So they were all conveniently placed to go to weekly meetings at somebody’s house. And if one was on the wrong side of the Bay, one could always get there on the commuter light rail system that occupied half the lower deck of the Bridge.
Empire was revived and metamorphosed at Reed College in the fall of 1960, with main game development by Dan Drake (graduated 1964), J.D. Eveland (also 1964), Alan Arey and Jim Trosper. Eveland had brought with him to Reed a copy of the then-new game Diplomacy, and talked several people into playing it at his dorm. Dan Drake and Jim Borders (1963) happened to wander by. Dan mentioned that “his father [Stillman Drake] had played a game on a map something like that that they called Empire back in the 1930s.

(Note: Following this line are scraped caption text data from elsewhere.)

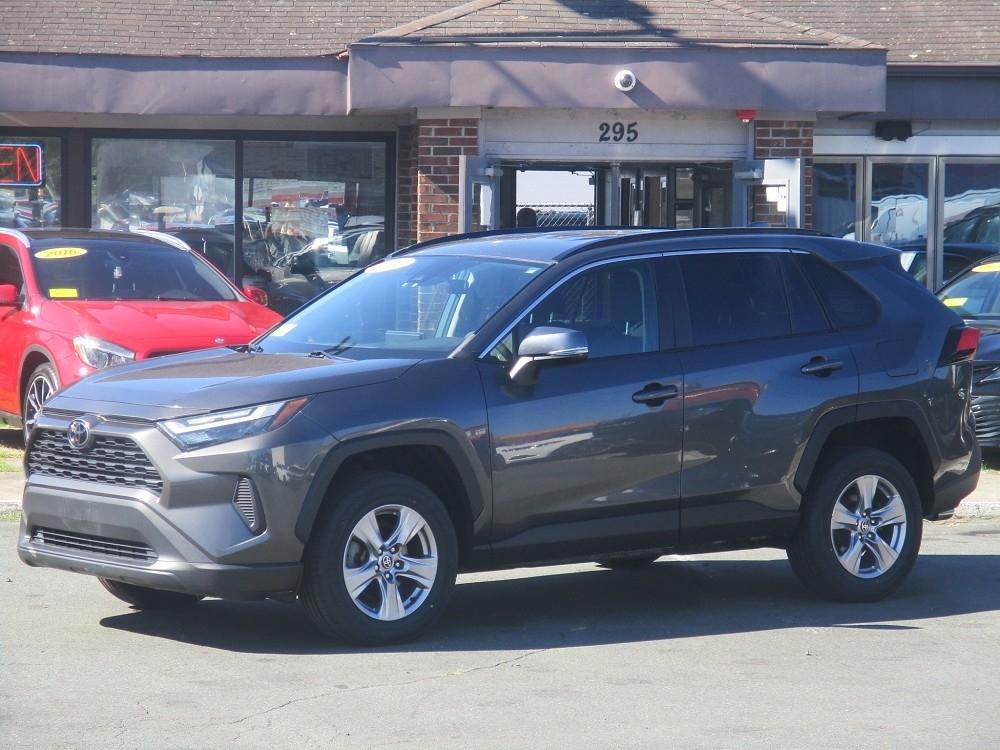 2023 Toyota RAV4 XLE FWD (Natl)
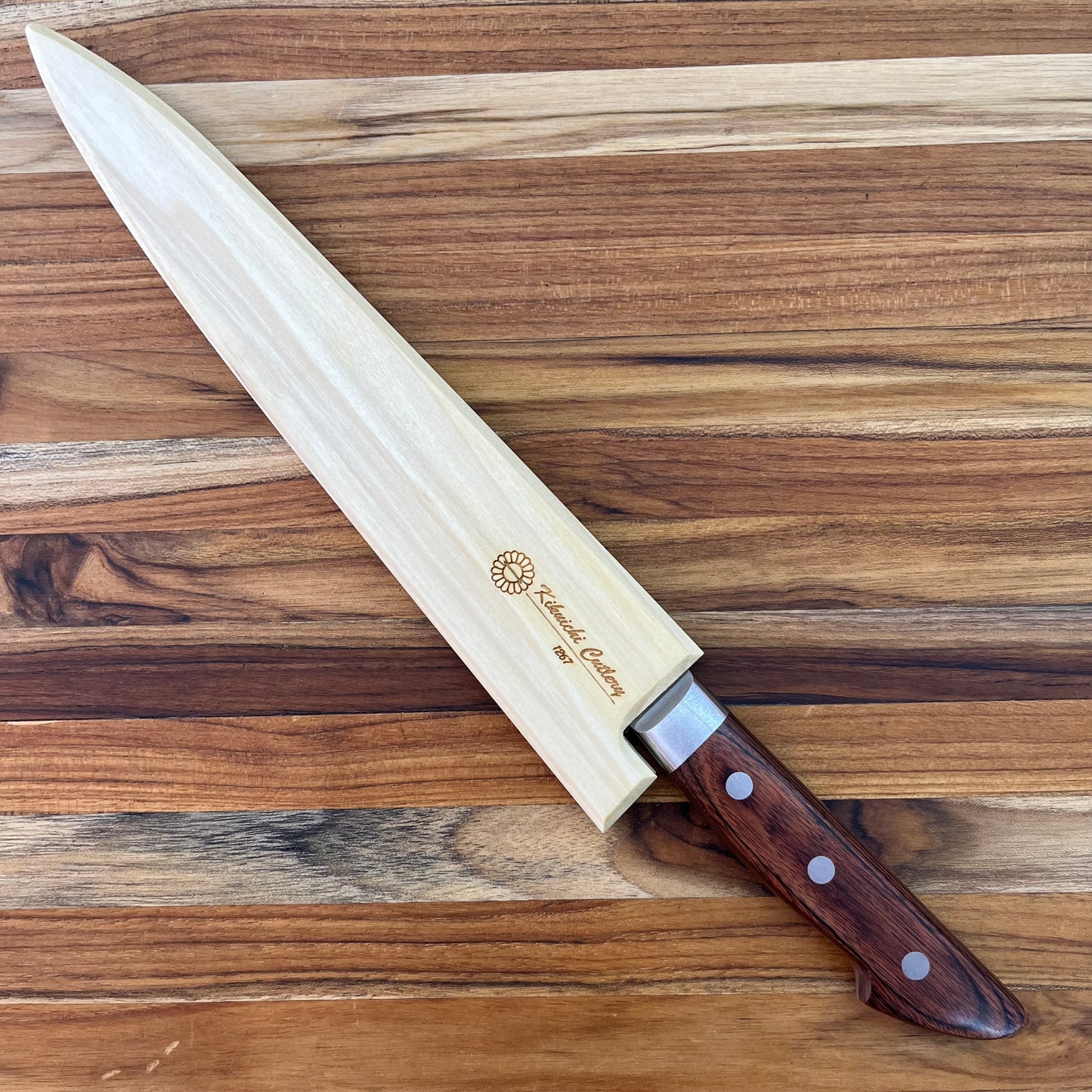 Kikuichi Magnetic Saya 210mm (8.25") Sujihiki w/ Poplar Wood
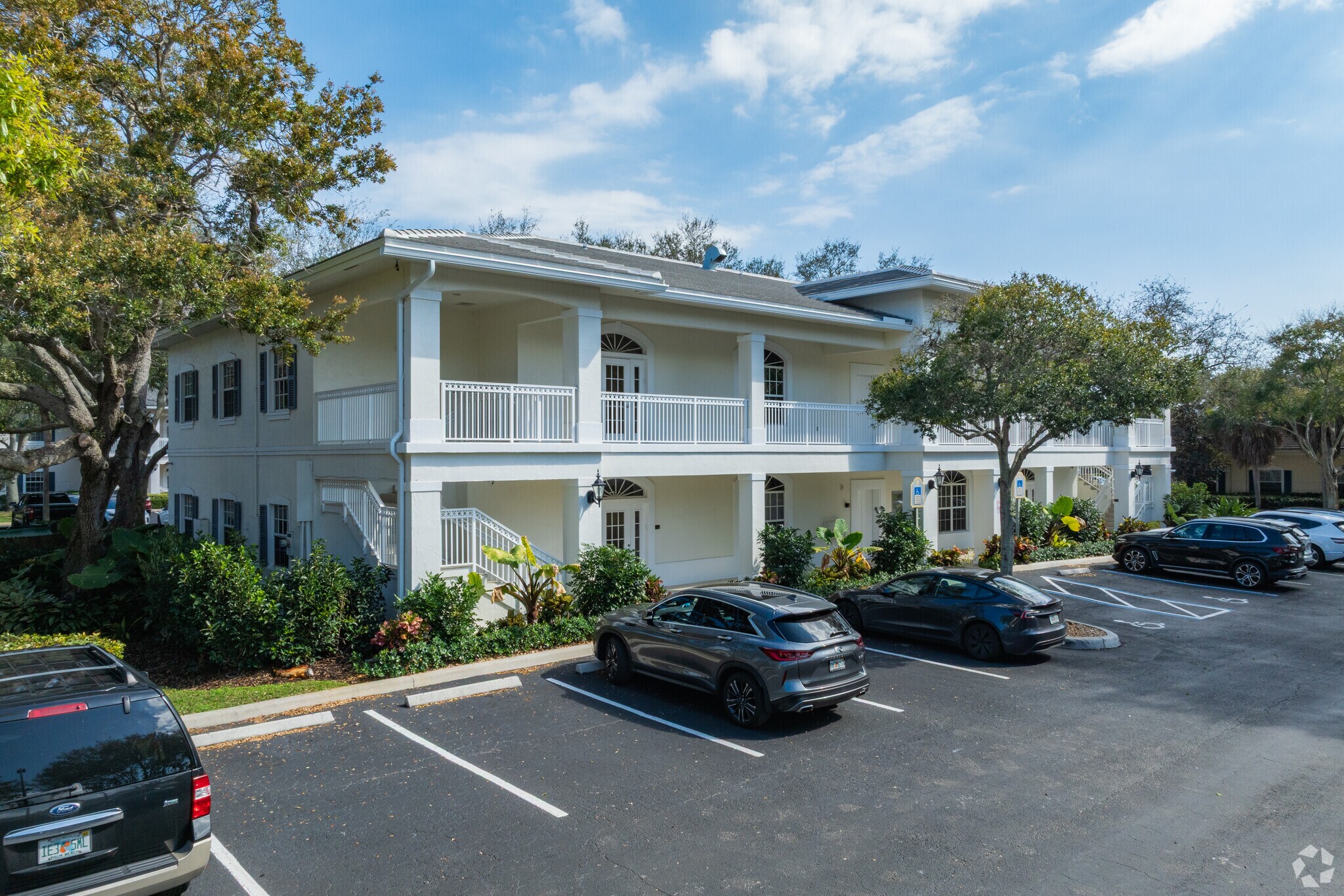 100 Village Square Xing, Palm Beach Gardens, FL for Rent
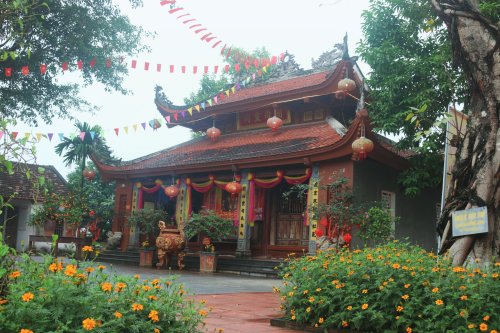 1. Đền thờ Quốc mẫu Hà Thị Cai..jpg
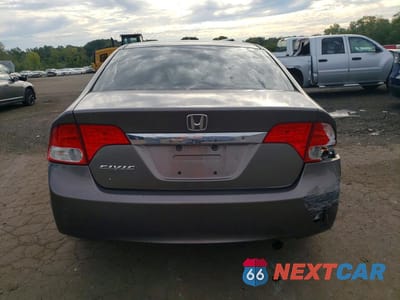 Zdjęcie 6 z 12 samochodu: 2009 HONDA CIVIC LX VIN:1HGFA16529L019677 - miniatura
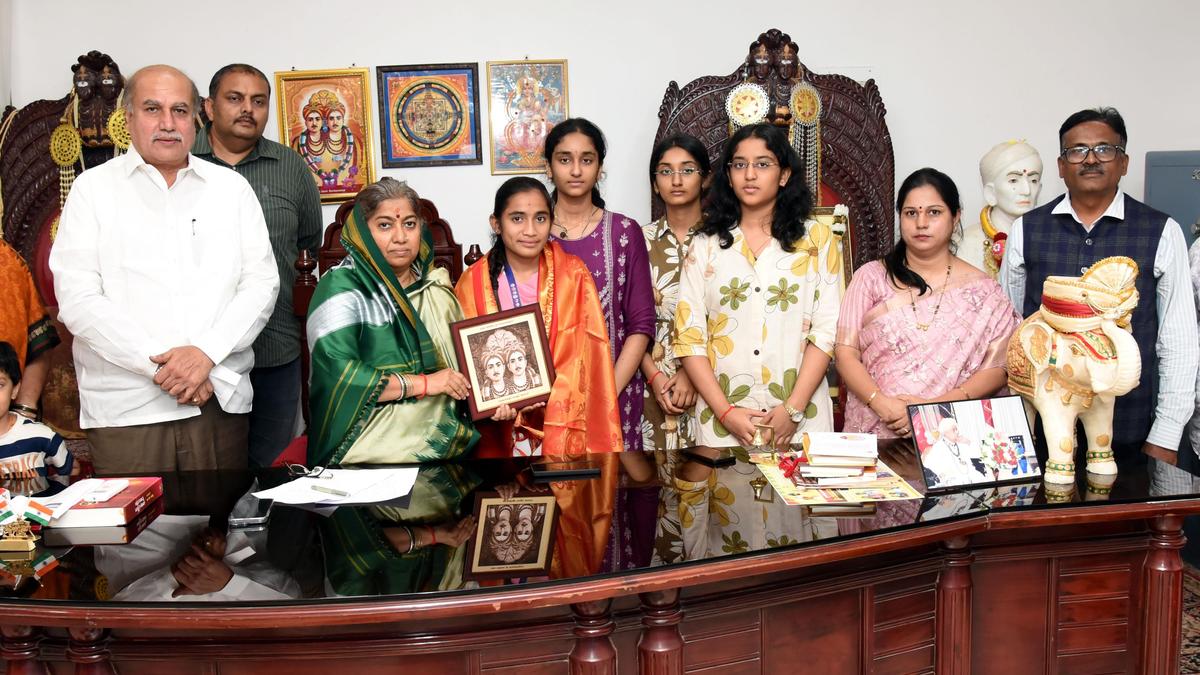 Vedhika enters final round of Kalyana Karnataka singing contest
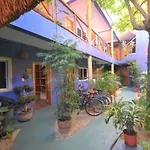 Casa Almendro
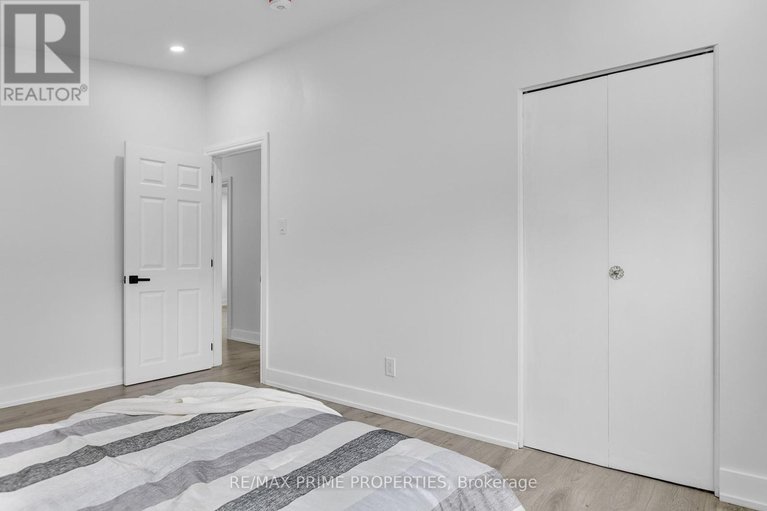 28675419/1035-connery-avenue/elmvale-acresurbandale/ottawa/ontario/K1G2N9_15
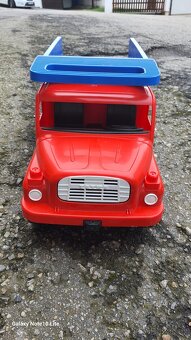 Velké dětské auto Tatra 148 - 2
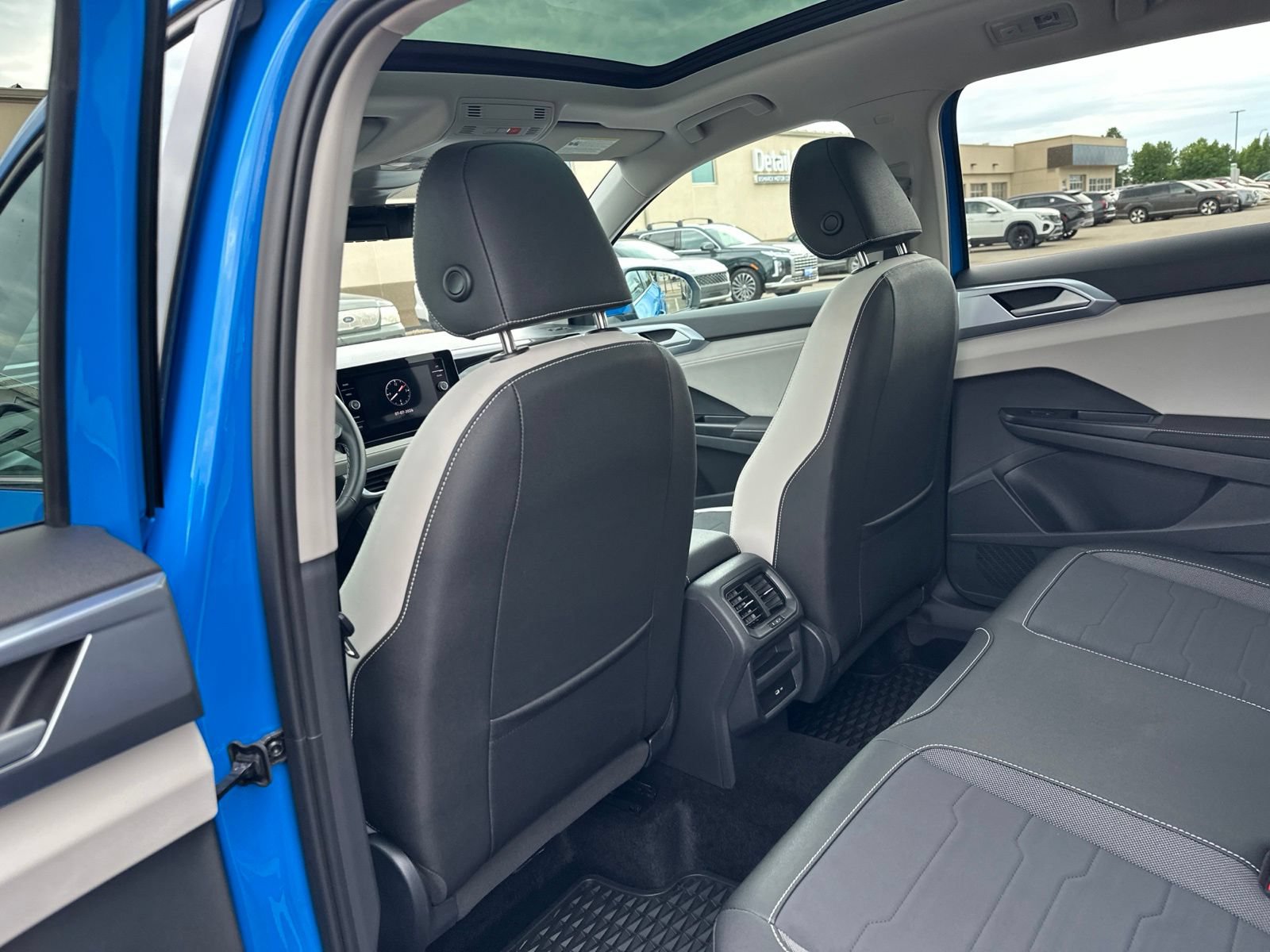 Certified 2025 Volkswagen Taos SE AWD/4WD image 19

He told us a little bit about this and we thought this sounded interesting enough that it might be worth experimenting with,” recalls Eveland. “So we agreed that I think it was the following weekend or something we would sort of try to tackle a version of this, recognizing that we were going to sort of make up the rules as we went along. And Dan remembered some things about this that his father had told him and we made up some others.”
Dan’s recollection is similar, but includes his father’s written summary (which survives today) of the 1938 rules:
So, in ’59-60, my freshman year, I encountered Avalon Hill games, or rather Tactics II, which I think was the only one available. That summer I got a copy. (Try to imagine a time when one could go downtown to the city’s big department store and go to its books department, which also carried games, and pick up the latest (or only) Avalon Hill game, and that in a time when there was no international cult of war gamers, and this thing was pretty obscure. For $5, by the way, IIRC, but it was worth all that money.)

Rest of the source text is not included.